Mac Koshwal

Free agent
- Position: Power forward / center

Personal information
- Born: October 19, 1987 (age 38) Juba, Sudan
- Listed height: 6 ft 10 in (2.08 m)
- Listed weight: 240 lb (109 kg)

Career information
- High school: Boys to Men Academy (Chicago, Illinois)
- College: DePaul (2007–2010)
- NBA draft: 2010: undrafted
- Playing career: 2010–present

Career history
- 2010–2011: La Laguna Socas Canarias
- 2013: Rochester Razorsharks
- 2013–2016: Bakersfield Jam
- 2016: Santa Cruz Warriors

Career highlights
- Big East All-Freshman Team (2008);
- Stats at Basketball Reference

= Mac Koshwal =

Sudanese professional basketball player (born 1987)

Nayal Martin "Mac" Koshwal (born October 19, 1987) is a Sudanese professional basketball player who last played for the Santa Cruz Warriors of the NBA Development League. He played college basketball for DePaul University.

==High school career==
Koshwal attended Boys to Men Academy in Chicago. He averaged a double-double in each of his three high school seasons – 15 points and 10 rebounds as a sophomore, 18 points and 15 rebounds as a junior and 18 points and 10 boards as a senior.

==College career==
In 58 career games over his freshman and sophomore seasons, Koshwal averaged 12.0 points and 9.1 rebounds while starting 56 times. He totaled 16 double-doubles and 42 career games in double-figures. Koshwal ranked among DePaul's all-time leaders in rebounding average (t11th – 9.1 rpg) and field goal percentage (t12th – .514).

In April 2009, Koshwal declared for the 2009 NBA draft, but he later withdrew his name and returned to DePaul for his junior season.

Koshwal played in 36 games during his junior season, averaging 16.1 points, 10.1 rebounds, 2.0 assists and 1.8 steals per game. In April 2010, he declared for the 2010 draft, forgoing his final year of college eligibility.

==Professional career==

===Spain===
After going undrafted in the 2010 NBA draft, Koshwal joined the Detroit Pistons for the 2010 NBA Summer League. He later signed with La Laguna Socas Canarias of Spain for the 2010–11 season. In 25 games for Canarias, he averaged 7.3 points and 4.5 rebounds per game.

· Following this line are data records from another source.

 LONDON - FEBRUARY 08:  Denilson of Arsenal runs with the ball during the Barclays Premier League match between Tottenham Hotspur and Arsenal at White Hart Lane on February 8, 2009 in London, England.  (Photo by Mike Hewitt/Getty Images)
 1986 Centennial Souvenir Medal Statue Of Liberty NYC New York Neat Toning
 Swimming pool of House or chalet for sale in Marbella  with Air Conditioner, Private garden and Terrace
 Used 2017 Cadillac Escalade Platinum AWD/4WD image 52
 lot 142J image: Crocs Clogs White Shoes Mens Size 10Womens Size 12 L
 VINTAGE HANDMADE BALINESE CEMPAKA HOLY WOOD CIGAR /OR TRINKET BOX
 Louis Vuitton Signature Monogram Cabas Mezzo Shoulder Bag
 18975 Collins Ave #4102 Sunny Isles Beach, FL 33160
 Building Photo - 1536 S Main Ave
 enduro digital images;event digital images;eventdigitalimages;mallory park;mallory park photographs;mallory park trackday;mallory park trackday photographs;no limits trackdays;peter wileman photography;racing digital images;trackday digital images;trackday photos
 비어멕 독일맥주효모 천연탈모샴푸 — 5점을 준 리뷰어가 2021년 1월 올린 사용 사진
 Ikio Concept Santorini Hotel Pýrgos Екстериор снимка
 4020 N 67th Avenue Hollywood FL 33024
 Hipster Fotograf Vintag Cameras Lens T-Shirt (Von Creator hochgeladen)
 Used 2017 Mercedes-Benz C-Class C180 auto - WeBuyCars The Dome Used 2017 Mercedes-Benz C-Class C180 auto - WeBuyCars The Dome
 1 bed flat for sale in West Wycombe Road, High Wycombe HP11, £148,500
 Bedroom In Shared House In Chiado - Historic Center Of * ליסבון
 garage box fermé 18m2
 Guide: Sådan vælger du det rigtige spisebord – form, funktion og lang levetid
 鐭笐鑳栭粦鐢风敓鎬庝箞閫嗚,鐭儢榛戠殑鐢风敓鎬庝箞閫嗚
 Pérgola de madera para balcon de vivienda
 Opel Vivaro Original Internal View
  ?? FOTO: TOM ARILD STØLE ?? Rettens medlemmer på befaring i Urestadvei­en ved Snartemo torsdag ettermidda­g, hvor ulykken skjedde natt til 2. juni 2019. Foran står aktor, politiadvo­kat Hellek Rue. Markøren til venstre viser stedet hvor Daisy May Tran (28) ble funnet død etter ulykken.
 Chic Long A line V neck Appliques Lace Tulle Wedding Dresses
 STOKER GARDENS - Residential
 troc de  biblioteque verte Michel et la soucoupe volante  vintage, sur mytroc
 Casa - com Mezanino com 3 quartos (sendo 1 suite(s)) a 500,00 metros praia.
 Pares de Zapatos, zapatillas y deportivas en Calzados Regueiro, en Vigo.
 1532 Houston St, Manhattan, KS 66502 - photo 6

===Bakersfield Jam / Rochester Razorsharks ===
On November 3, 2011, Koshwal was drafted with the eighth overall pick in the 2011 NBA Development League Draft by the Bakersfield Jam. However, his contract was later terminated by the Jam on November 23 prior to the start of the regular season.

In July 2012, Koshwal joined the New Orleans Hornets for the 2012 NBA Summer League. On November 1, 2012, he was reacquired by the Bakersfield Jam, but was waived again prior to the regular season.

On April 30, 2013, Koshwal signed with the Rochester Razorsharks for the rest of the 2013 PBL season. He went on to help the team reach the Finals, where they were defeated 2–0 by the Bloomington Flex.

On September 28, 2013, Koshwal signed with the Philadelphia 76ers. However, he was later waived by the 76ers on October 25 after appearing in three preseason games. On November 2, he was reacquired by the Bakersfield Jam. In 49 games for the Jam in 2013–14, he averaged 7.2 points, 6.2 rebounds and 1.2 assists per game.

Koshwal returned to the Jam for the 2014–15 season and averaged 11.0 points, 10.0 rebounds, 1.9 assists and 1.6 steals in 54 games. On November 27, 2015, he was again reacquired by the Jam.

===Santa Cruz Warriors===
On January 12, 2016, Koshwal was traded to the Santa Cruz Warriors in exchange for the rights to Dominique Sutton. He made his debut for the Warriors later that night in a 101–91 loss to the Idaho Stampede, recording four points, two rebounds and one steal in 20 minutes of action off the bench. On March 24, he was waived by Santa Cruz.

==Personal==
Koshwal is the son of Martin Koshwal and Franda Akja.